Jo Baring is the Director of the Ingram Collection of Modern British & Contemporary Art, one of the UK’s leading art collections. She has curated exhibitions at museums and galleries across the country. A former Director of Christie’s UK, Jo is regularly requested to interview artists at museums and art fairs. She is a trustee of arts charities ArtCan and the Artists Collecting Society, is a member of the Association of Women in the Arts, the Association of Professional Art Advisors, sits on the board of the Women of the Year charity, and also acts as an arts mentor. She is on the authentication committee for the artist Elisabeth Frink and is a Fellow of the Royal Society of Arts. She is working on her first book Modern British Art: New Reflections which will be published in Autumn 2022. Her first podcast series, Sculpting Lives, a collaboration with Dr Sarah Victoria Turner, and supported by the Paul Mellon Centre for Studies in British Art, was released in Spring 2020.

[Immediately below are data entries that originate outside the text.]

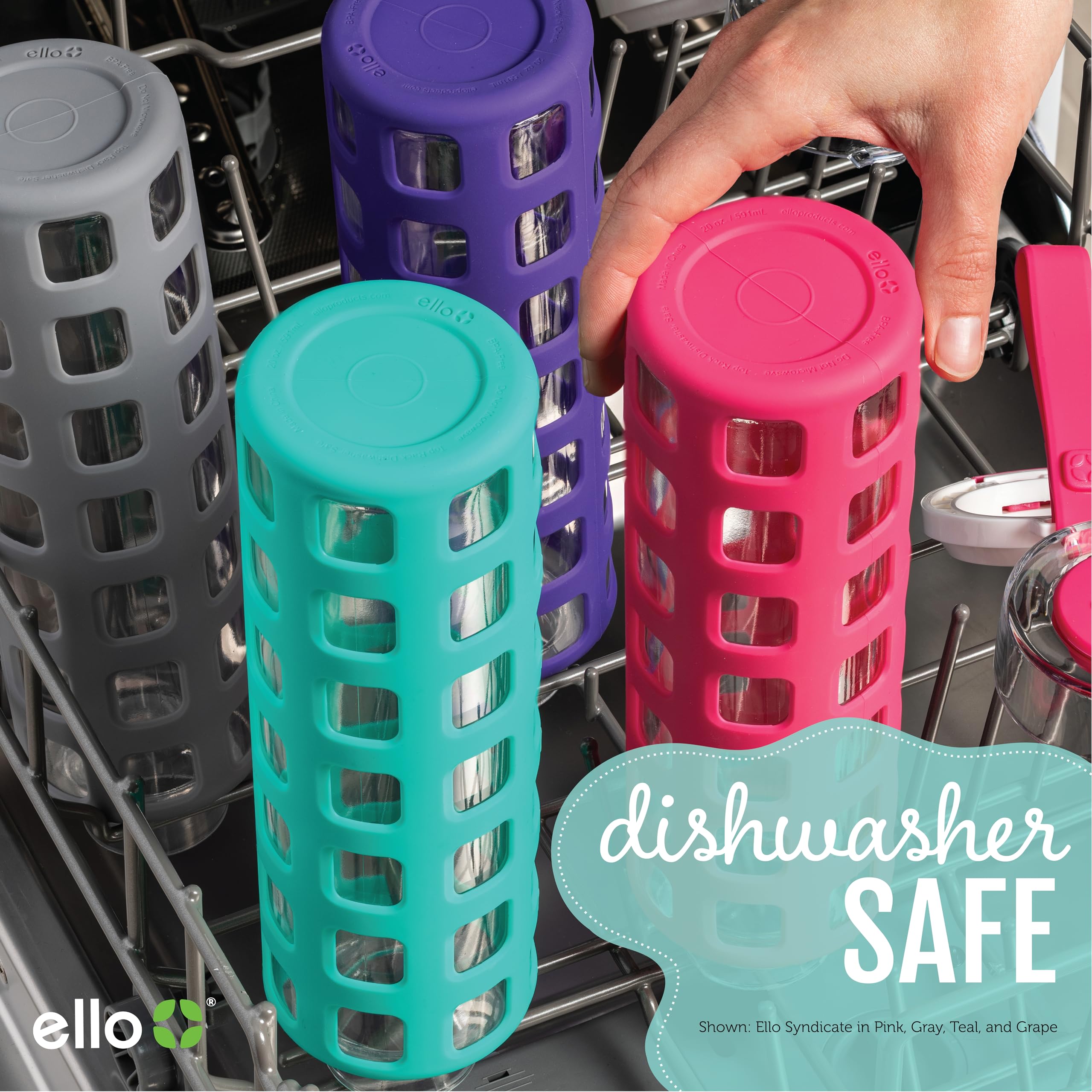 Ello Syndicate Glass Water Bottle with One-Touch Flip Lid  Grey   20-ounce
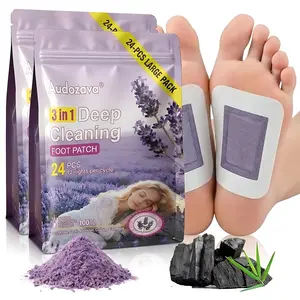 Lavender & Bamboo 24Pcs 3-in-1 Natural Foot Pads, Lavender Bamboo Charcoal Vinegar & Ginger Herbal Patches, Deep Cleansing Overnight Foot Care Kit for Better Sleep, Stress Relief & Relaxation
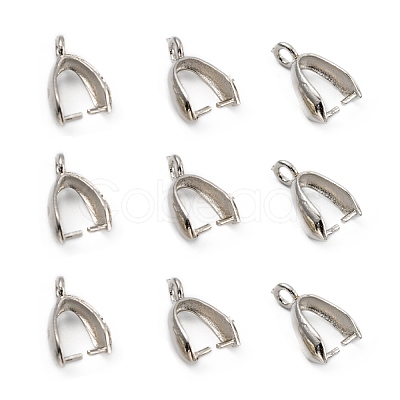 Grade AA Brass Ice Pick Pinch Bails for Pendant Making KK-M008-b-06P-NR-1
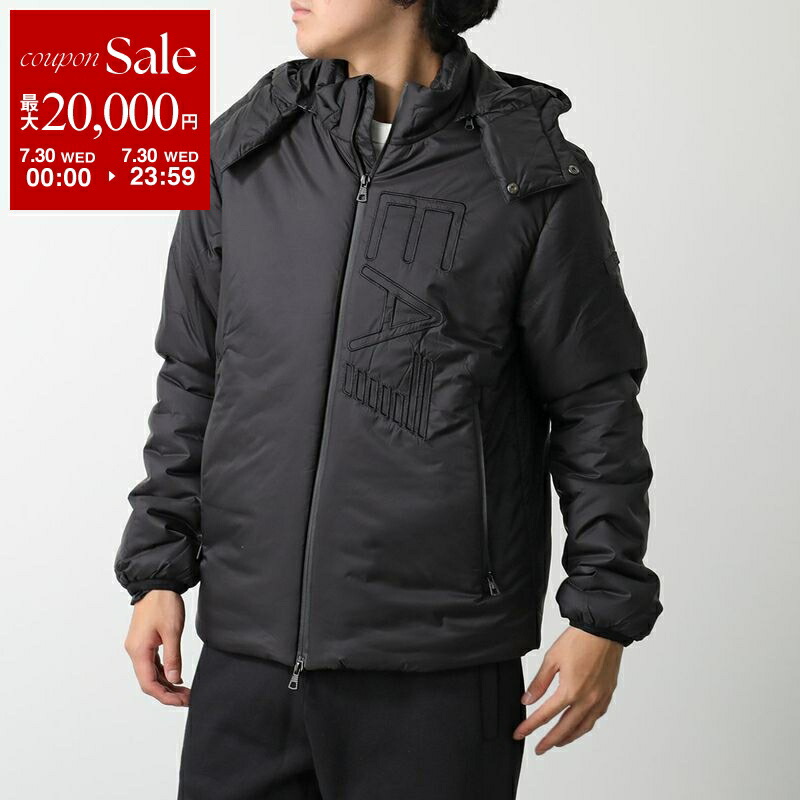 新品　エンポリオアルマーニ　ブラックナイロントラックジャケット EMPORIO ARMANI (エンポリオアルマーニ) フード着脱可能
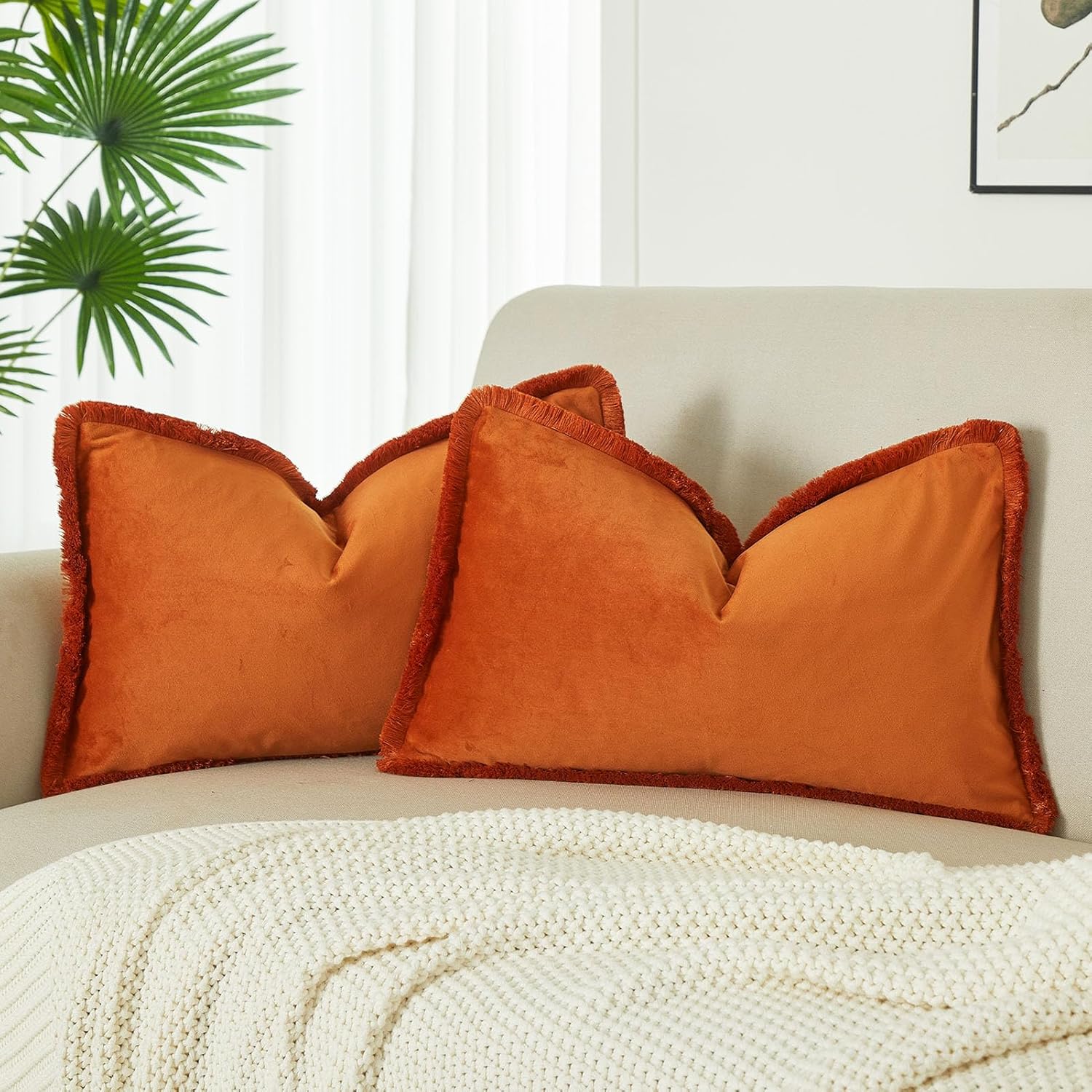 Velvet Boho Beige Throw Pillow Cover — 26" — Rust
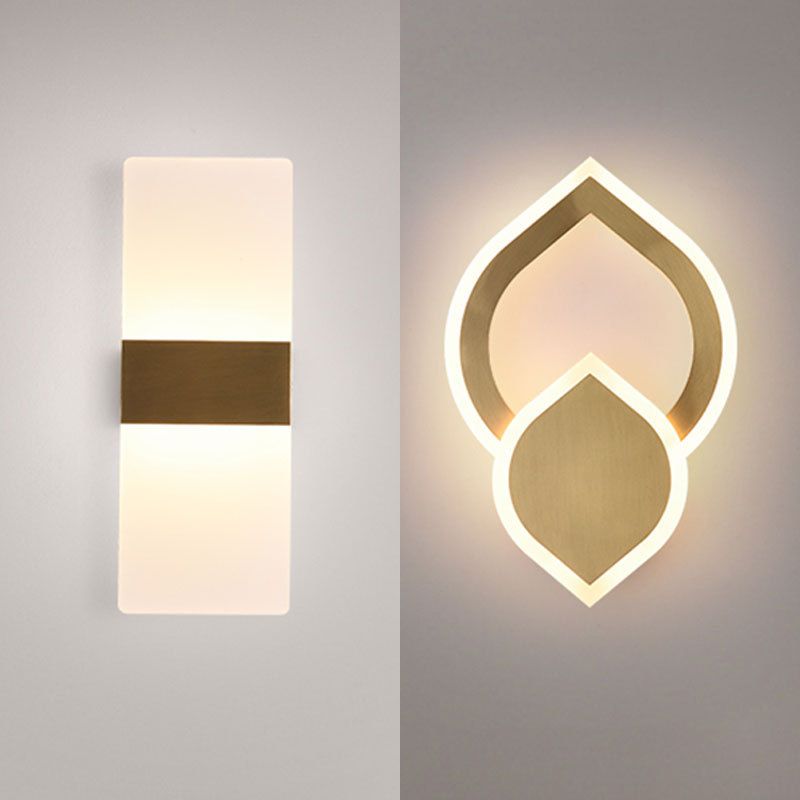 2-Light Wall Sconce Light Modern Metal Wall Sconce Lighting in Gold
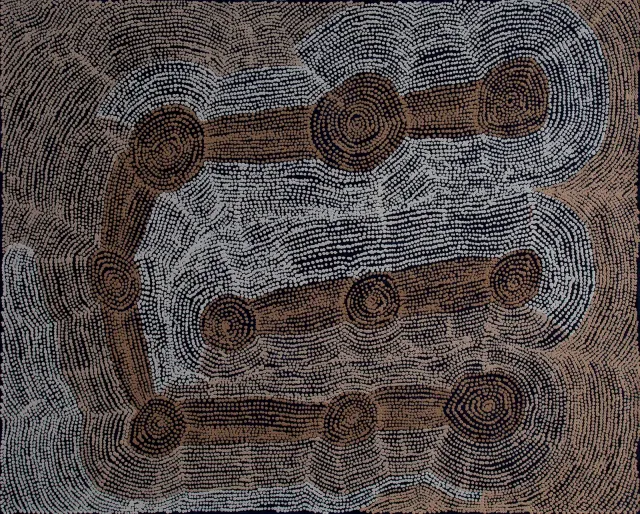 Australian Indigenous (Aboriginal and Torres Strait Islander) artwork by NYUNGAWARRA WARD of Warakurna Artists. The title is Yankuntjuntju. [321-22] (Acrylic on Linen)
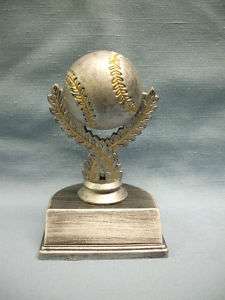 solid baseball trophy award pewter finish  
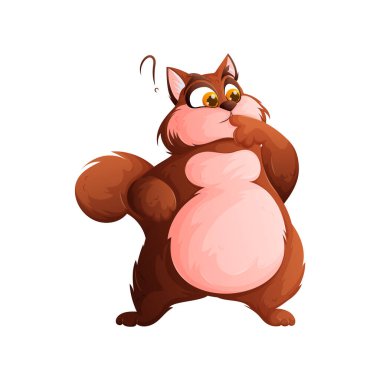 Şirin, pofuduk, kahverengi ve pembe sincap çizgi film karakteri, kafasının üstünde bir soru işareti, beyaz bir arka plan karşı duran ve düşünen.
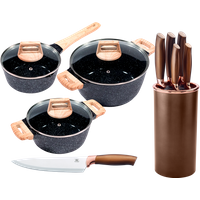 KING Topf-Set ""ESSENTIAL" Aluminiumguss, Induktion, Antihaftbeschichtung", Aluminiumguss, (Set, 11 tlg., 2 Töpfe, 1 Stieltopf, 3 Glasdeckel), inkl. 5 Küchenmesser, 1 Messerblock von King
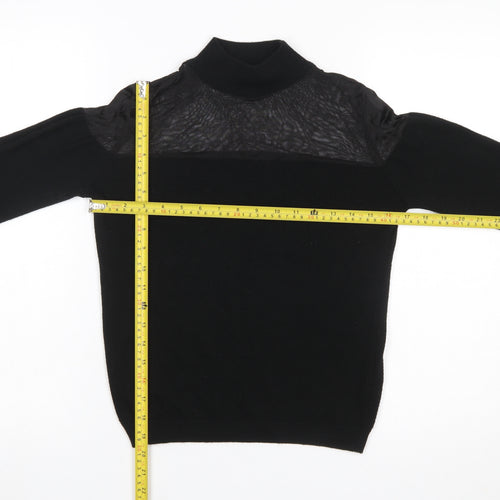 Miss Selfridge Women's Black Mock Neck Long Sleeve Knit Jumper Size 6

Cathy Courtney is Project Director of Artists’ Lives, which she and others established in 1990, an on-going oral history project for National Life Stories, based at the British Library. Now numbering over four hundred in-depth audio recordings, averaging twenty hours each but many considerably longer, the project captures, via informal conversations, the life stories of artists and those whose careers are associated with them. Cathy Courtney was co-curator with Elena Crippa (Curator Modern and Contemporary British Art) of the exhibition Artists’ Lives: Speaking of the Kasmin Gallery at Tate Britain (2016–2018), presenting extracts from Artists’ Lives alongside works in Tate’s collection. She is also Project Director of a sister NLS oral history project, Architects’ Lives.
Between 1995–1997 she held a Fellowship in Book Arts at Camberwell College of Art, and between 1983–c.1999 wrote a regular column on book art for Art Monthly. In 1995 she was co-curator with Maria White (former Tate Chief Cataloguer, Artists’ Books) of the exhibition, Artists’ Books at Tate Britain.
She is a Trustee of the Jocelyn Herbert Archive (theatre design) now housed at the National Theatre Archive. Publications include Jocelyn Herbert: A Theatre Workbook.
Inigo Wilkins is a writer and lecturer (CalArts, New School for Research and Practice) working across many disciplines (sonic culture, cognitive science, philosophy, and finance). He took his masters in Sonic Culture at the University of East London, and completed his PhD in Cultural Studies at Goldsmiths in 2016. The title of his thesis was Irreversible Noise, which forms the basis for a book forthcoming by Urbanomic. He has a piece called Improbable Semantics in the book Construction Site for Possible Worlds (Urbanomic), and has published articles in such journals as Litteraria Pragensia, Mute Magazine, and HFT Review. He is co-director of the online journal and research platform Glass Bead (www.glass-bead.org).